Aim of the task: Copy the entries below verbatim, omitting any pictures they contain.

Data for review:
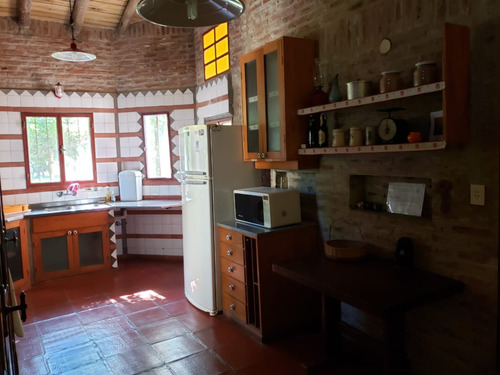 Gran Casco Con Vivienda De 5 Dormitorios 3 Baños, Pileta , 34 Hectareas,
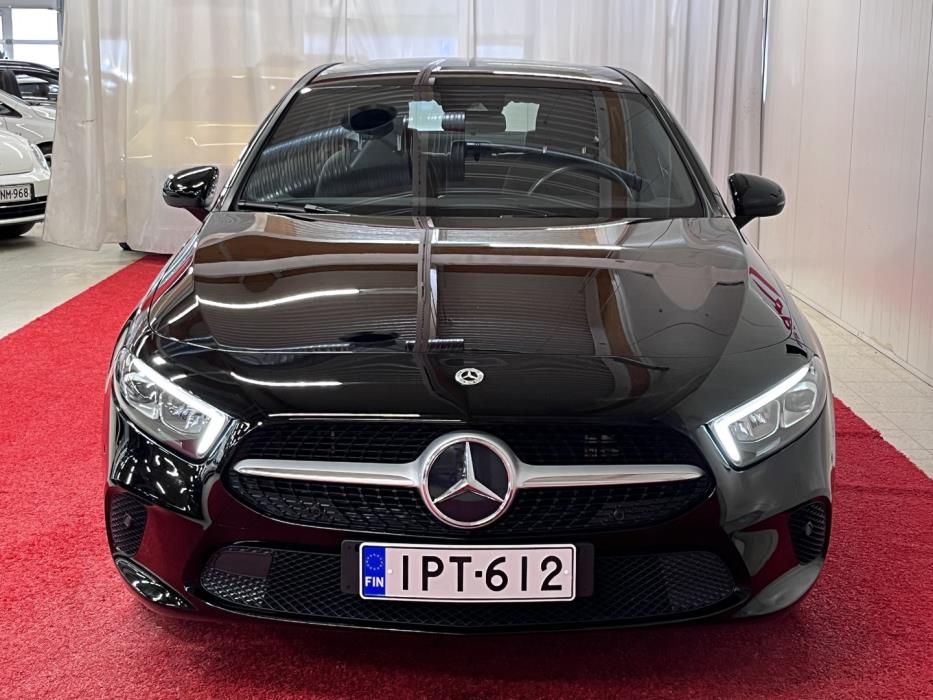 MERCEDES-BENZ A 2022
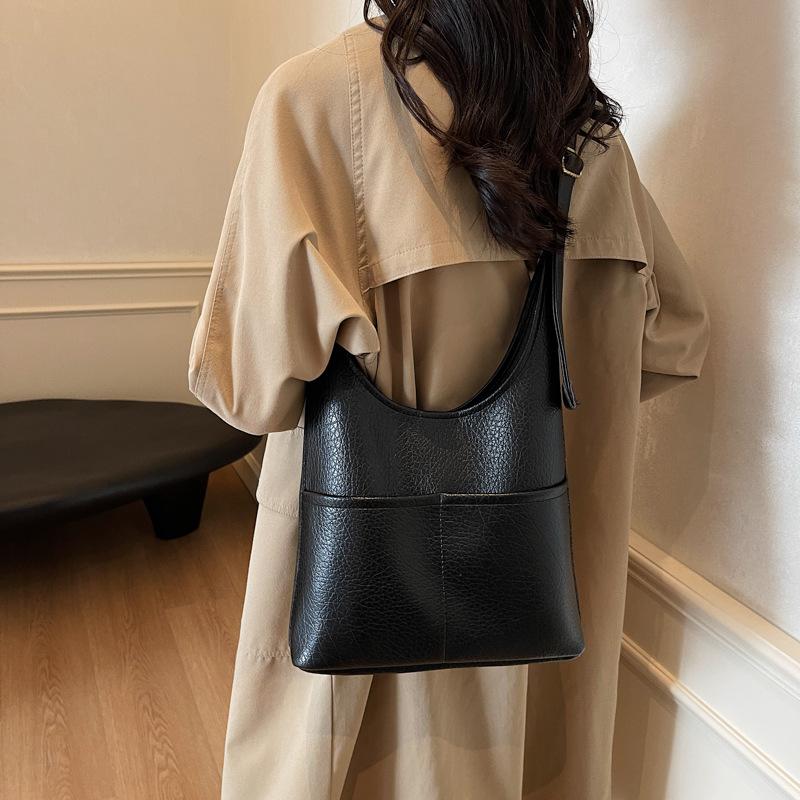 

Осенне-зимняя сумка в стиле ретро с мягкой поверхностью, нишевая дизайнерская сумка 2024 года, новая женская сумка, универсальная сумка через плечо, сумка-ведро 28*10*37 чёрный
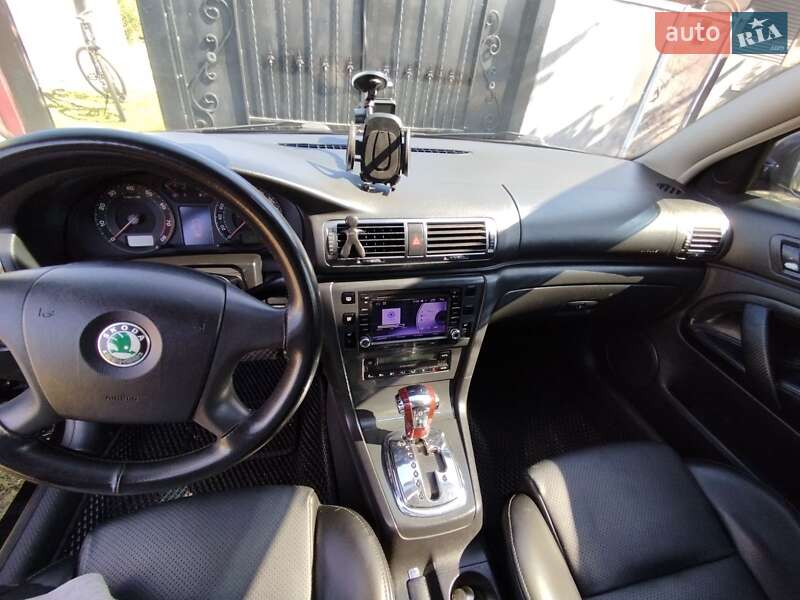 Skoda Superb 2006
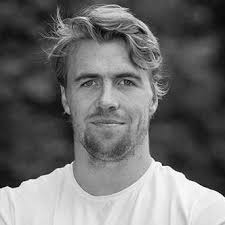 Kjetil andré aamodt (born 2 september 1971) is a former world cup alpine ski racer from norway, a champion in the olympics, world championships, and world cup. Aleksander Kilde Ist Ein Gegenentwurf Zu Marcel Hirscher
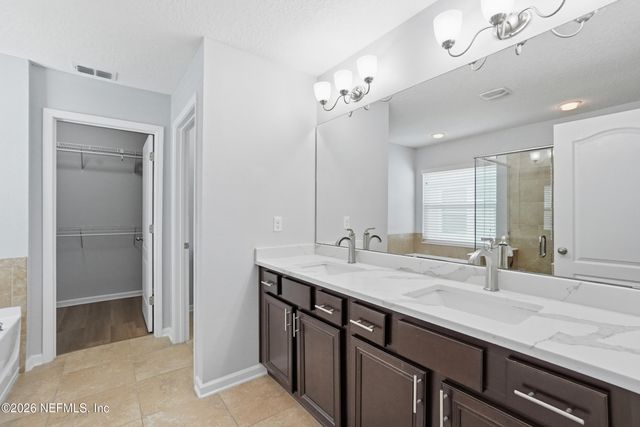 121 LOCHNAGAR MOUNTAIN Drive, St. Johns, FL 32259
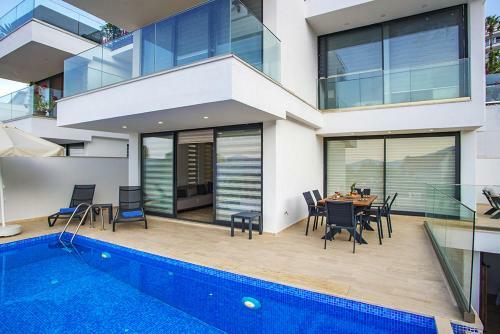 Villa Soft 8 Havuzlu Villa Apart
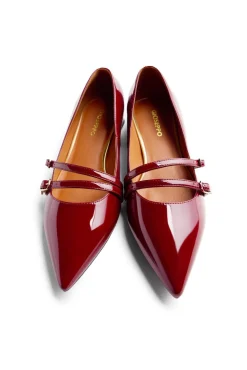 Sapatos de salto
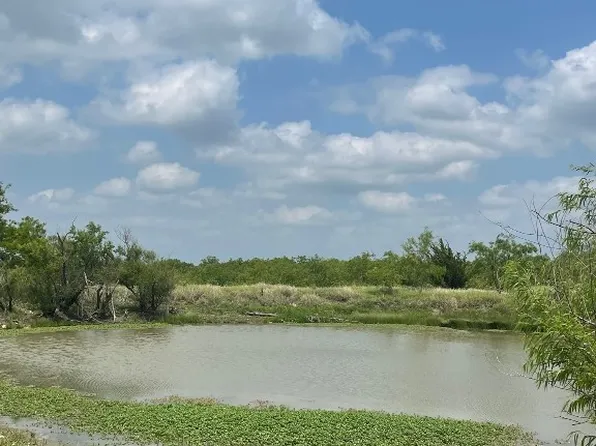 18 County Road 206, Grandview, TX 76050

Task solution:
 Gran Casco Con Vivienda De 5 Dormitorios 3 Baños, Pileta , 34 Hectareas,
 MERCEDES-BENZ A 2022

Осенне-зимняя сумка в стиле ретро с мягкой поверхностью, нишевая дизайнерская сумка 2024 года, новая женская сумка, универсальная сумка через плечо, сумка-ведро 28*10*37 чёрный
 Skoda Superb 2006
 Kjetil andré aamodt (born 2 september 1971) is a former world cup alpine ski racer from norway, a champion in the olympics, world championships, and world cup. Aleksander Kilde Ist Ein Gegenentwurf Zu Marcel Hirscher
 121 LOCHNAGAR MOUNTAIN Drive, St. Johns, FL 32259
 Villa Soft 8 Havuzlu Villa Apart
 Sapatos de salto
 18 County Road 206, Grandview, TX 76050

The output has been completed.